• **Directions for this task**:
Start at the line with "3964 Sitting Bull Way, Antelope, CA 95843" in the records below, stop at the line with "Strawberry Embroidered Maternity", and return every line in that span exactly, the two end lines included.

(Data to examine)

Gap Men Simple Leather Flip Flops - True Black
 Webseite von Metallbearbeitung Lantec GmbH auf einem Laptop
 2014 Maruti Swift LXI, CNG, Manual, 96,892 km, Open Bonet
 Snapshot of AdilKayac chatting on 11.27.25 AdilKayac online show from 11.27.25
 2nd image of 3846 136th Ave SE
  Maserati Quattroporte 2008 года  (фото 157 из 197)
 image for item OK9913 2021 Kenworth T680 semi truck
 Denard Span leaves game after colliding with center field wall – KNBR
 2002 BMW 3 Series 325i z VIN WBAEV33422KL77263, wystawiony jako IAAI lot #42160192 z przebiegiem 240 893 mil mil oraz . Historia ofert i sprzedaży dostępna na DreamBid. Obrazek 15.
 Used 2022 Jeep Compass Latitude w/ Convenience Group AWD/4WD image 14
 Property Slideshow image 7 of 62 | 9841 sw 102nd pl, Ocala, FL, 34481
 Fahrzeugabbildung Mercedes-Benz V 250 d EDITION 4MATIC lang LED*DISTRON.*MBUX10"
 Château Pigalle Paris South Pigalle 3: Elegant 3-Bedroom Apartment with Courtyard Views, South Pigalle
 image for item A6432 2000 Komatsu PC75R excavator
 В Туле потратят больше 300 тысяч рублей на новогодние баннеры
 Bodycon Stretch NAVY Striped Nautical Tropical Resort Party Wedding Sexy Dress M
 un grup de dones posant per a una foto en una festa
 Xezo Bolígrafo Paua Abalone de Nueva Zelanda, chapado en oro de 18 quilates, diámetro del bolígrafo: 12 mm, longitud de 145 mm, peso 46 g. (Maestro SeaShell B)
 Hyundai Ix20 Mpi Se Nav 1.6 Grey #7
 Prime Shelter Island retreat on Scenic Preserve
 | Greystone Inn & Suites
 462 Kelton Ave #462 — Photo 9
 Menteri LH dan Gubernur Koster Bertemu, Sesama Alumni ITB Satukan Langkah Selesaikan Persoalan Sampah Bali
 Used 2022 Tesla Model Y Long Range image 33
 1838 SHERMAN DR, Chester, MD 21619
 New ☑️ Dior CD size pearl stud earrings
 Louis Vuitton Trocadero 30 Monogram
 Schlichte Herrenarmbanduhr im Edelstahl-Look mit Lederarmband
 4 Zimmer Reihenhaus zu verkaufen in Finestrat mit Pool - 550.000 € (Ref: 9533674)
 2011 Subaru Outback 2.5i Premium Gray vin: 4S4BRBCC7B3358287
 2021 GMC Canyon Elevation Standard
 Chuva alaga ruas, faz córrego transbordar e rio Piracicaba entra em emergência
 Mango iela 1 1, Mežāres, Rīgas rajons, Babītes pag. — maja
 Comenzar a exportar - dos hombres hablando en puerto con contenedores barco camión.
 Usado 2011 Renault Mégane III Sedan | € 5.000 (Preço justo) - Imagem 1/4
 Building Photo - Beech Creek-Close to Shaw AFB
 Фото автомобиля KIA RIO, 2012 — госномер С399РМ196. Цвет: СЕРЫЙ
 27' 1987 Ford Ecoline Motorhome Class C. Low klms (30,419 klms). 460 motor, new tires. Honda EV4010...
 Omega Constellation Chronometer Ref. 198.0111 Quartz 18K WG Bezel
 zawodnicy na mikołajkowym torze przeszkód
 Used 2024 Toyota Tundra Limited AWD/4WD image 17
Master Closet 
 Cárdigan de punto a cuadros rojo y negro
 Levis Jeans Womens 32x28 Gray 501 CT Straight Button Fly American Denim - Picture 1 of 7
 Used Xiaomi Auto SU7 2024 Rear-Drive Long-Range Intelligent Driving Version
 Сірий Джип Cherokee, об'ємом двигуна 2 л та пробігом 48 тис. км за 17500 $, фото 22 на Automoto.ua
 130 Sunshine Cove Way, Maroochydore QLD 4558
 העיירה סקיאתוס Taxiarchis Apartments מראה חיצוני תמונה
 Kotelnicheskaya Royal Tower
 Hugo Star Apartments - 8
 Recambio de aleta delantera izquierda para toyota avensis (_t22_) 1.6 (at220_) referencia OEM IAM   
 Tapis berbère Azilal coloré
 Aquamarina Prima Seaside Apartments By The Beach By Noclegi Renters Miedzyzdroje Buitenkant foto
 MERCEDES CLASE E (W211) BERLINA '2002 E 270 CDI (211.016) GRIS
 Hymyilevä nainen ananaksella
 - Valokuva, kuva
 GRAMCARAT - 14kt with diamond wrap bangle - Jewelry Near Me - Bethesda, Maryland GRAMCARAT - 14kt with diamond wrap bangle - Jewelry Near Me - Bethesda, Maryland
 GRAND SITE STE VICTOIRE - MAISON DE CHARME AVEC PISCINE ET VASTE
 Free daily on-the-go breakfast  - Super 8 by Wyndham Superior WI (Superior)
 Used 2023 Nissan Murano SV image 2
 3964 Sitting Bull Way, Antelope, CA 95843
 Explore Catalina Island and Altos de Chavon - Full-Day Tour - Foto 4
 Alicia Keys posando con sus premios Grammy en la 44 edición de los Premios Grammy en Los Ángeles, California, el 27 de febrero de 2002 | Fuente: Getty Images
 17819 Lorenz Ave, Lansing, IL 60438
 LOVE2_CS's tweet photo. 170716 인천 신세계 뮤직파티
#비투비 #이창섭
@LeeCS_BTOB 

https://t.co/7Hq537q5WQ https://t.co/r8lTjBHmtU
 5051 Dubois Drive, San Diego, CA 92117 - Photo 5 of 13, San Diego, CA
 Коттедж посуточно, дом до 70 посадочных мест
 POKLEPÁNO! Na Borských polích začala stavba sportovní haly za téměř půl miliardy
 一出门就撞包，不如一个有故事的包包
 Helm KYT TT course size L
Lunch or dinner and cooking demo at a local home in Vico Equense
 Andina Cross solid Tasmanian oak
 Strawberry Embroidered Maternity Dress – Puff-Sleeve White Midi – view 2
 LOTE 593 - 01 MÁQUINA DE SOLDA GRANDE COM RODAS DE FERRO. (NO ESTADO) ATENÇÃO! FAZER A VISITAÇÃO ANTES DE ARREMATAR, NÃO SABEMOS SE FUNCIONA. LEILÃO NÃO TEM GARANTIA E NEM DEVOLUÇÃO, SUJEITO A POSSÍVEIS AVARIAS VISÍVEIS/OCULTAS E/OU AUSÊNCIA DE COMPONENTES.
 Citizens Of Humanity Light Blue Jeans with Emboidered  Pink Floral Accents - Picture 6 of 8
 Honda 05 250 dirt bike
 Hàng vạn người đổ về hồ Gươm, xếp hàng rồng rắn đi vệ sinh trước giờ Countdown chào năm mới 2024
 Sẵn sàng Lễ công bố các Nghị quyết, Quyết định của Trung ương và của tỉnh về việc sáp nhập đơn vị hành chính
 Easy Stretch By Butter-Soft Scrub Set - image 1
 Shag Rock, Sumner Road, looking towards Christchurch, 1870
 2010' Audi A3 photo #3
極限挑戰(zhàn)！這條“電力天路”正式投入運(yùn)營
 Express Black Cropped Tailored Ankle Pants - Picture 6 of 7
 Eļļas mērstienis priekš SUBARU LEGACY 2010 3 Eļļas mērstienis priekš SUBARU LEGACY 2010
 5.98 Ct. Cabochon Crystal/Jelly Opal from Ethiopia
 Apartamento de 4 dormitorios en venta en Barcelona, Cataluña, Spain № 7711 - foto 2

(End Data to examine)

• **Response for this exercise**:
 3964 Sitting Bull Way, Antelope, CA 95843
 Explore Catalina Island and Altos de Chavon - Full-Day Tour - Foto 4
 Alicia Keys posando con sus premios Grammy en la 44 edición de los Premios Grammy en Los Ángeles, California, el 27 de febrero de 2002 | Fuente: Getty Images
 17819 Lorenz Ave, Lansing, IL 60438
 LOVE2_CS's tweet photo. 170716 인천 신세계 뮤직파티
#비투비 #이창섭
@LeeCS_BTOB 

https://t.co/7Hq537q5WQ https://t.co/r8lTjBHmtU
 5051 Dubois Drive, San Diego, CA 92117 - Photo 5 of 13, San Diego, CA
 Коттедж посуточно, дом до 70 посадочных мест
 POKLEPÁNO! Na Borských polích začala stavba sportovní haly za téměř půl miliardy
 一出门就撞包，不如一个有故事的包包
 Helm KYT TT course size L
Lunch or dinner and cooking demo at a local home in Vico Equense
 Andina Cross solid Tasmanian oak
 Strawberry Embroidered Maternity Dress – Puff-Sleeve White Midi – view 2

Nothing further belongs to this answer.